First quarter net sales were $656 million compared with $532 million in the first quarter of 2020, an increase of 23.3 percent. First quarter net sales were positively impacted by $88 millionof higher unit volume, $30 million of favorable price and mix, and $6 million of favorable foreign currency impact. Operating profit was $38 million compared with an operating loss of $6 million in the first quarter of 2020. The quarter included $29 million of higher unit volume and $13 million of favorable price and mix. In addition, the first quarter included $7 million of lower raw material costs, which is more than explained by lower tariff costs resulting from the company's sourcing strategy. The quarter also included $3 million of decreased manufacturing costs and $2 million of lower product liability expense compared to the first quarter of 2020. These were partially offset by $20 million of higher selling, general and administrative expenses and $1 million of higher other costs.
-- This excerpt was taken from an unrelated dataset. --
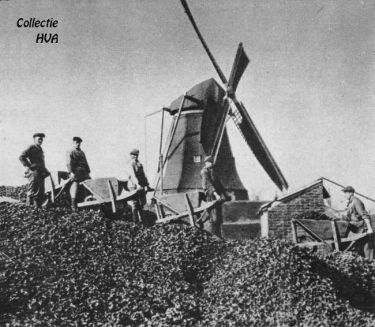 Het terrein voor de opslag van schelpen voor de mosselpellerij in het Tuindorp.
The first quarter of 2020 included $11 million of restructuring charges related to the transition at the company's now wholly owned Mexico manufacturing facility.
The increase in selling, general and administrative expenses in the first quarter of 2021 included $11 million of costs associated with the proposed merger. This included $5 million of advisory, legal and other professional fees, as well as an increase of $6 million in mark to market costs of stock-based liabilities subsequent to the merger announcement. The mark to market cost represents the impact of the movement in the company's closing stock price from the last trading day prior to the merger agreement announcement compared to the closing price of the company's stock on the day of the announcement. The first quarter of 2021 also included an increase in mark to market costs of stock-based liabilities aside from the announcement, and an increase in incentive compensation costs. Incentive compensation costs were reduced in the first quarter of 2020 when the company revised its full-year 2020 outlook as a result of the forecasted impact of the global pandemic.
Cooper's first quarter raw material index increased 1.9 percent compared to the first quarter of 2020. The raw material index increased 6.1 percent sequentially from 144.8 in the fourth quarter of 2020 to 153.6 in the first quarter of 2021.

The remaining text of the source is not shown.